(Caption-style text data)
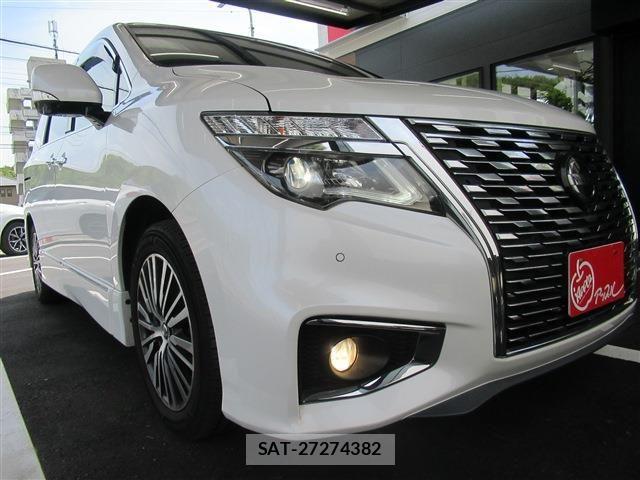 Nissan ELGRAND 2021-03 6611712-17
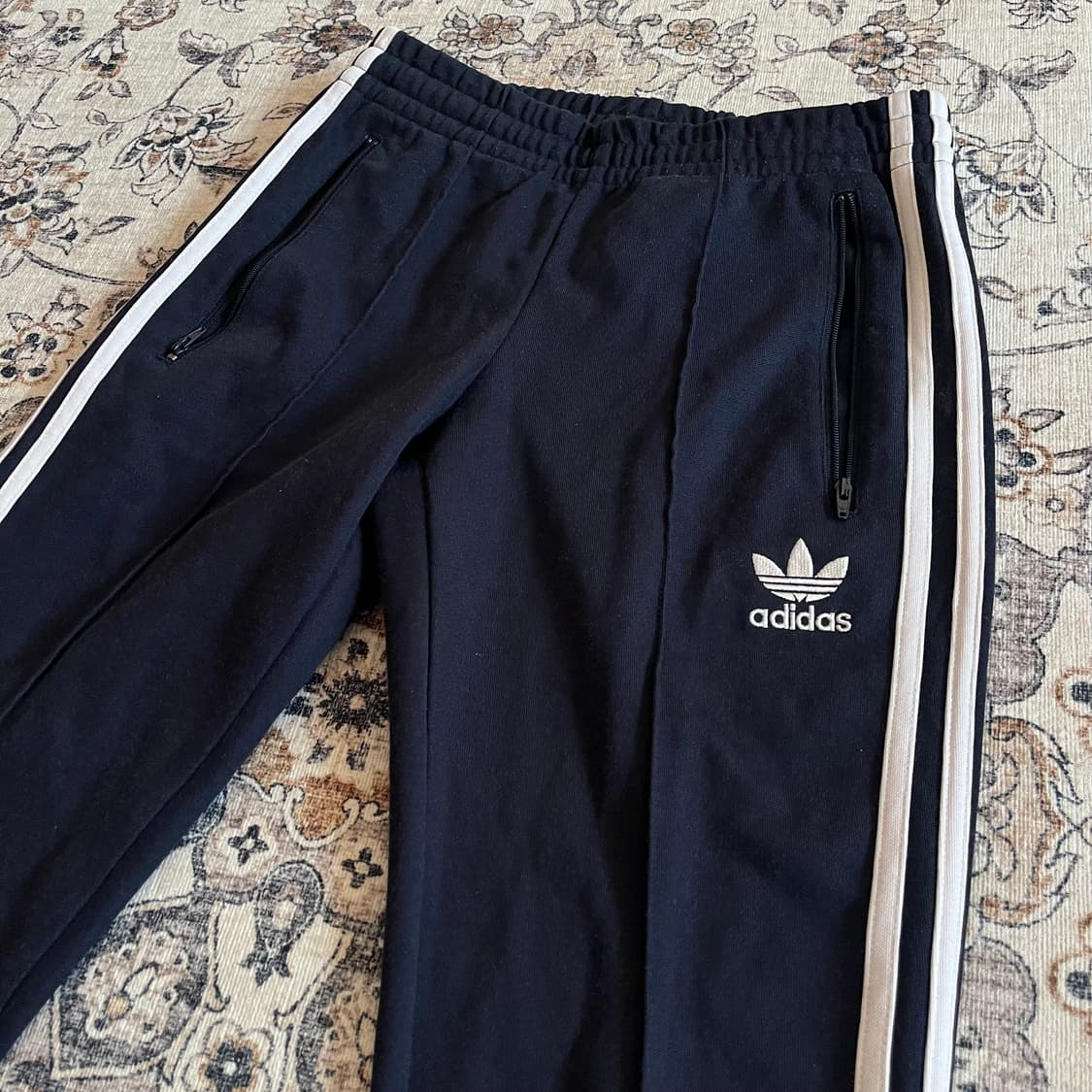 아디다스 유로파 자수로고 트랙팬츠 상품이미지2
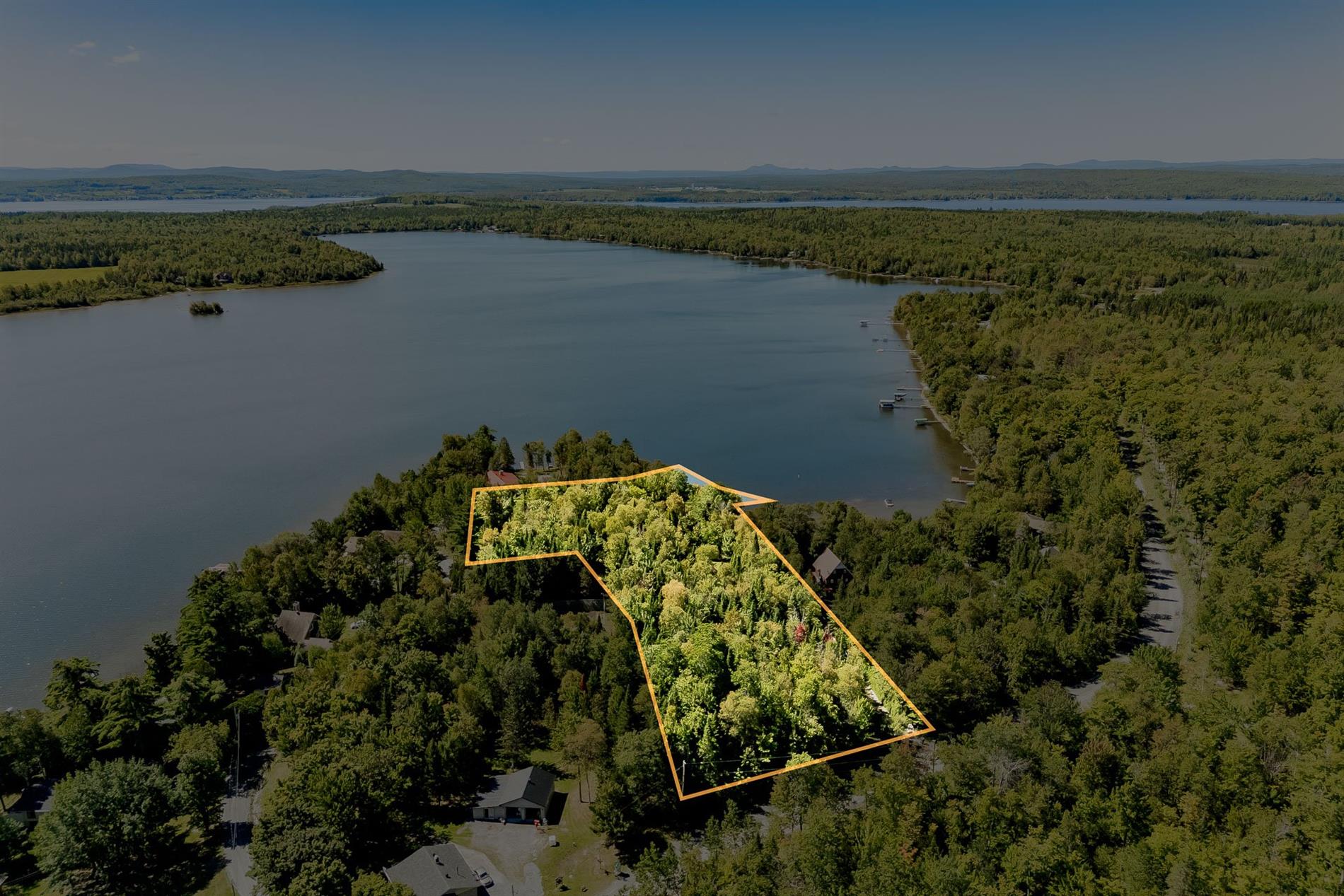 122 Ch. du Petit-Lac — photo 1
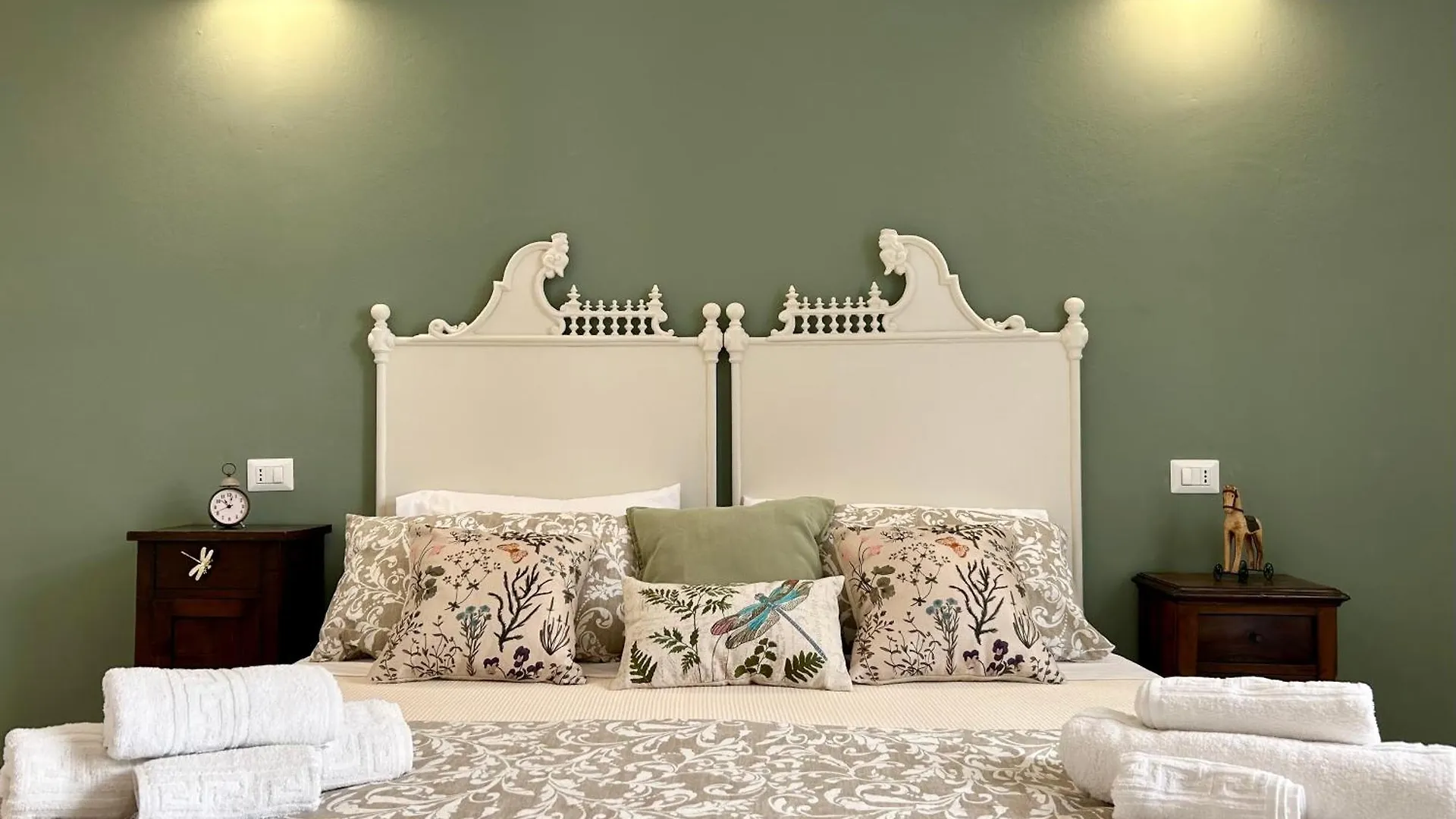 Le Sorelle Sweet Home Siraküza 0*,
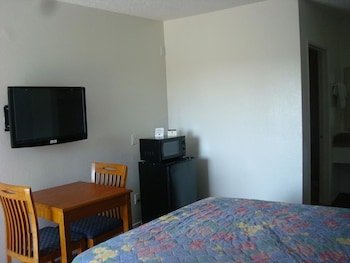 Scottish Inns Long Beach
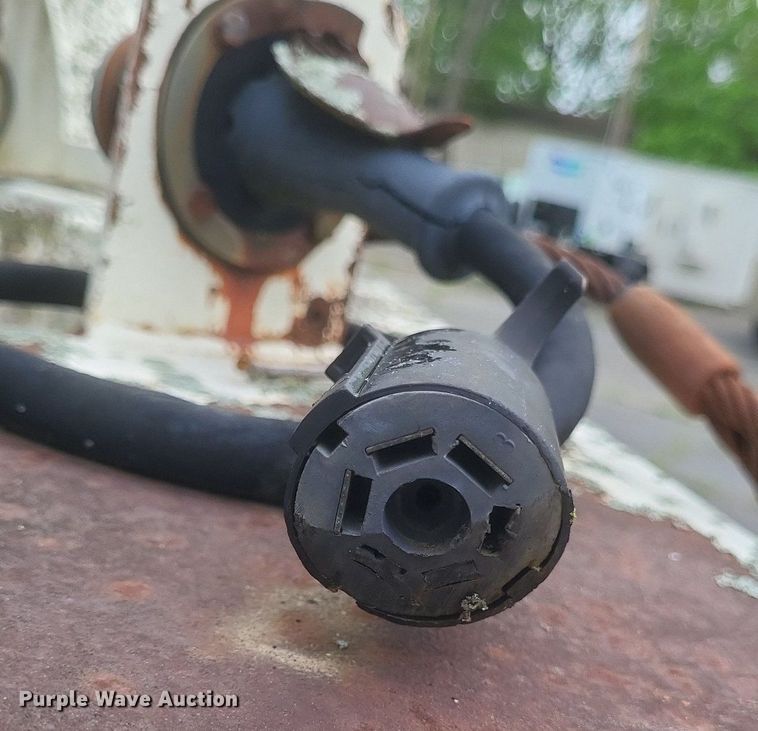 image for item DR4772 1990 Eaton Metal Products TECH 10E reel trailer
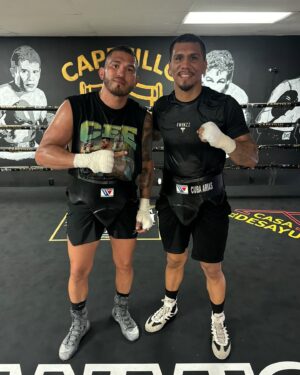 Anthony Pettis Instagram - Made in Milwaukee 💪🏽 414 -> 702 @luiscubaarias
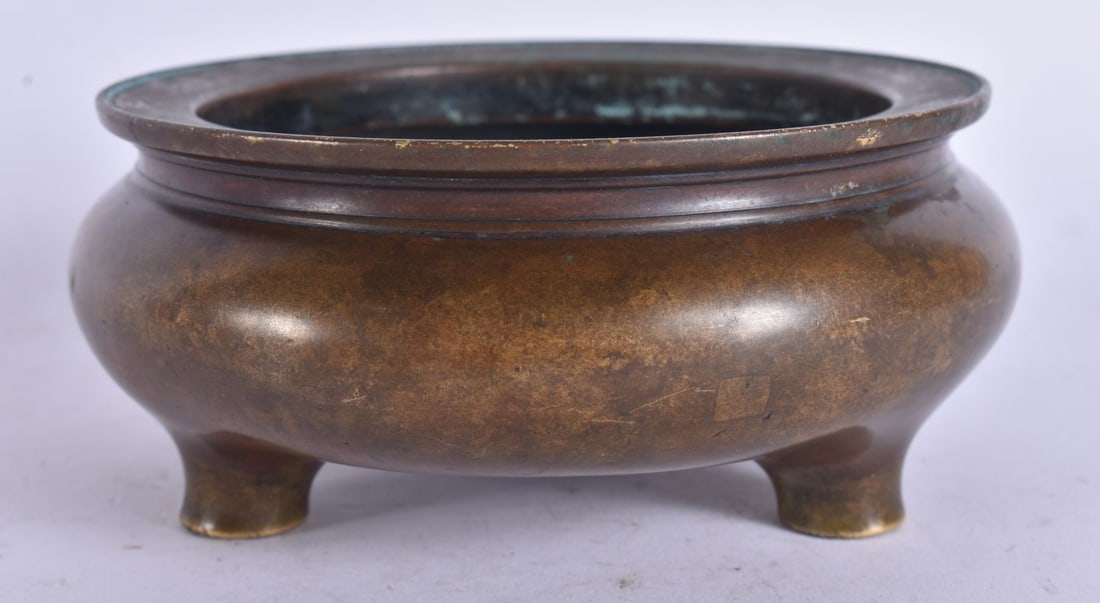 A CHINESE QING DYNASTY BRONZE CENSER bearing Xuande marks to base. 983 grams. 11 cm wide, internal w (1 of 5)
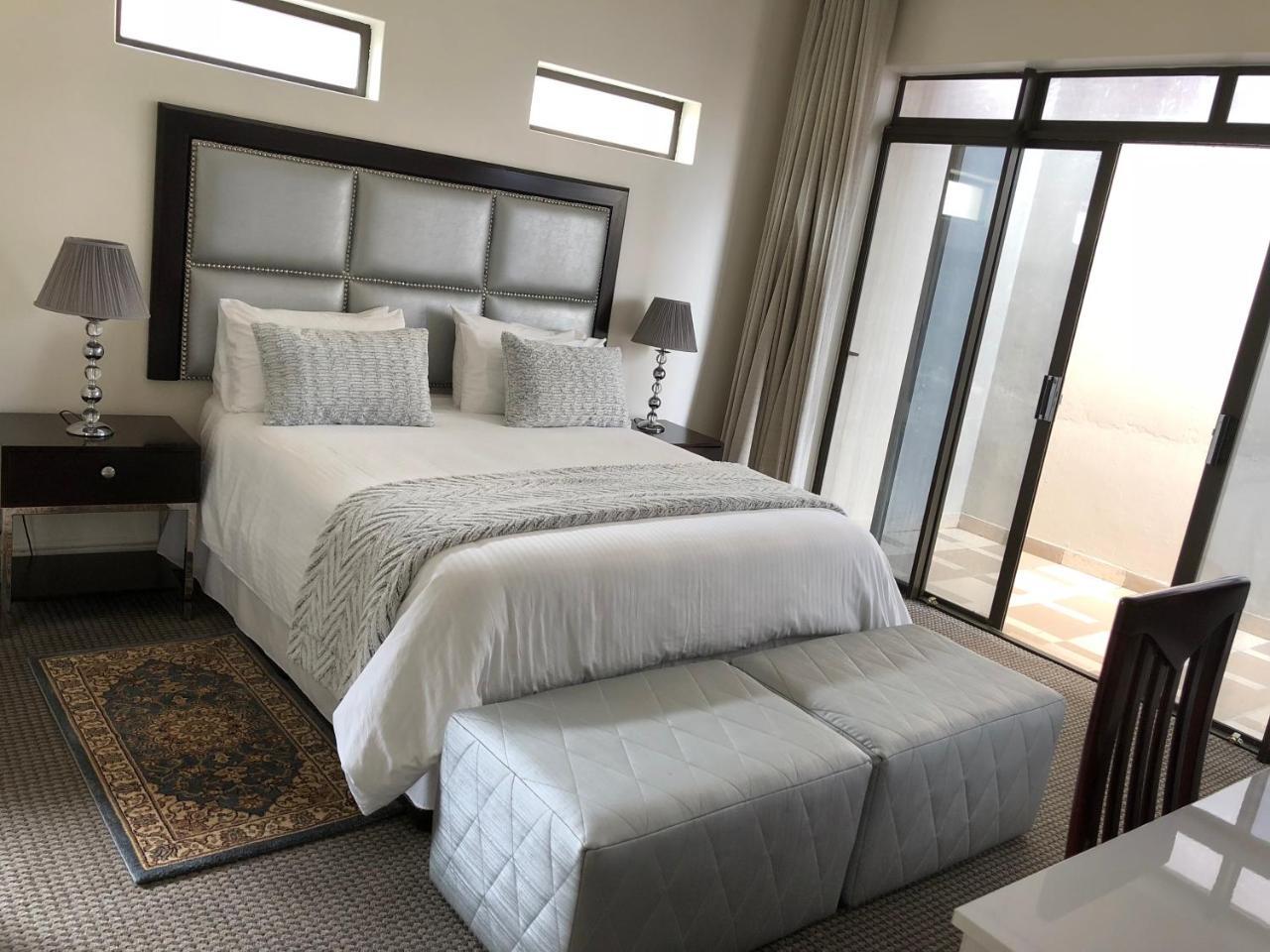 Coral Beach Bed & Breakfast อีสต์ลอนดอน ภายนอก รูปภาพ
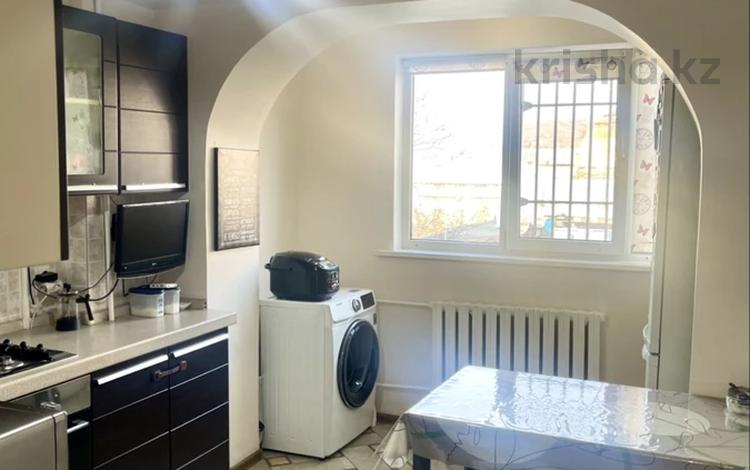 3-комнатная квартира · 67 м² · 5/9 этаж, мкр Самал-1 1 за 69 млн ₸ в Алматы, Медеуский р-н — фото 2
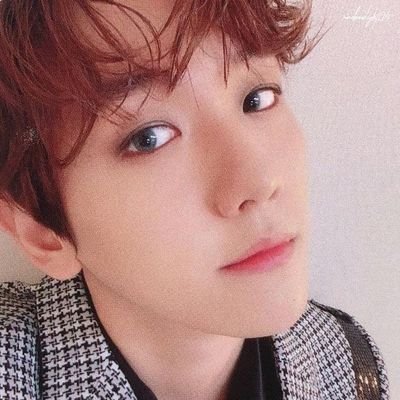 your daily dose of the superior baekhyun look ❤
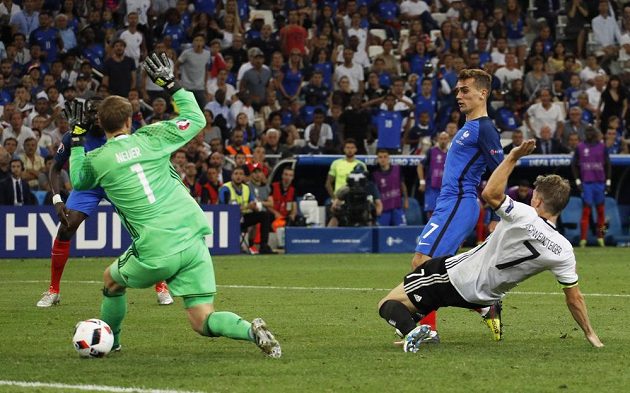 Francouz Antoine Griezmann (druhý zprava) střílí gól německému brankáři Manuelu Neuerovi (vlevo).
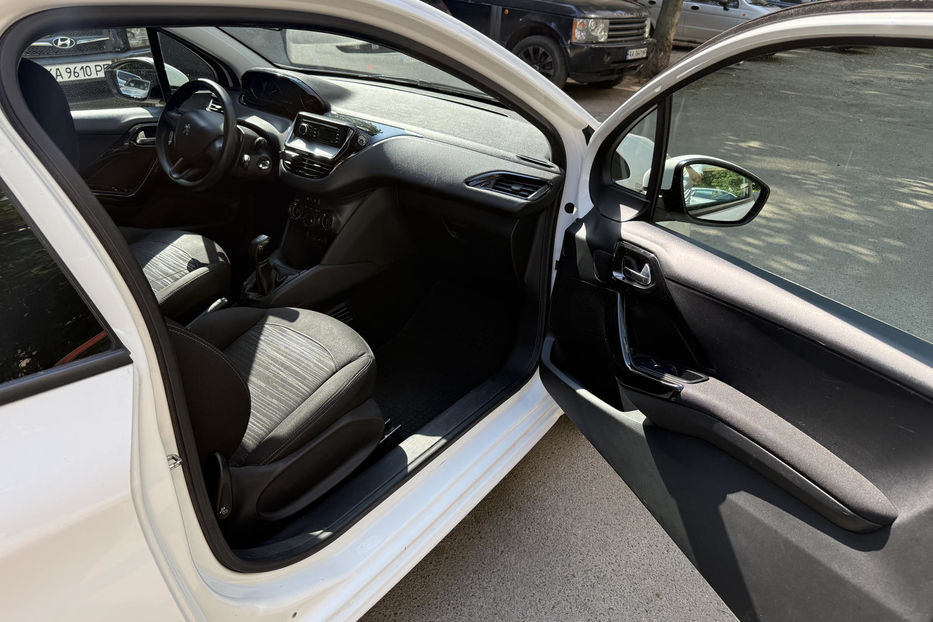 Продам Peugeot 208 2016 года в Киеве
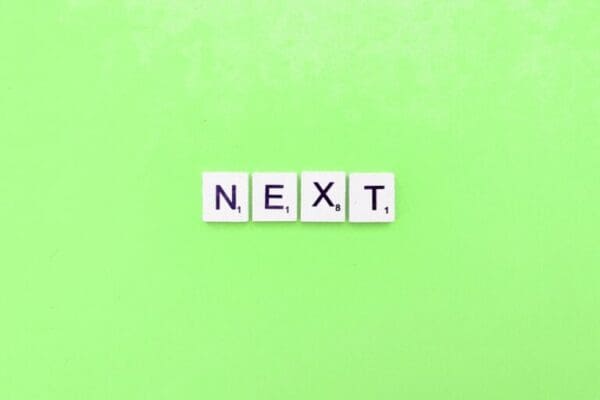 next word on green background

- **AIM OF THE EXERCISE**
Every line above should be copied exactly; do not carry over the pictures.

- **EXERCISE RESPONSE**
 Nissan ELGRAND 2021-03 6611712-17
 아디다스 유로파 자수로고 트랙팬츠 상품이미지2
 122 Ch. du Petit-Lac — photo 1
 Le Sorelle Sweet Home Siraküza 0*,
 Scottish Inns Long Beach
 image for item DR4772 1990 Eaton Metal Products TECH 10E reel trailer
 Anthony Pettis Instagram - Made in Milwaukee 💪🏽 414 -> 702 @luiscubaarias
 A CHINESE QING DYNASTY BRONZE CENSER bearing Xuande marks to base. 983 grams. 11 cm wide, internal w (1 of 5)
 Coral Beach Bed & Breakfast อีสต์ลอนดอน ภายนอก รูปภาพ
 3-комнатная квартира · 67 м² · 5/9 этаж, мкр Самал-1 1 за 69 млн ₸ в Алматы, Медеуский р-н — фото 2
 your daily dose of the superior baekhyun look ❤
 Francouz Antoine Griezmann (druhý zprava) střílí gól německému brankáři Manuelu Neuerovi (vlevo).
 Продам Peugeot 208 2016 года в Киеве
 next word on green background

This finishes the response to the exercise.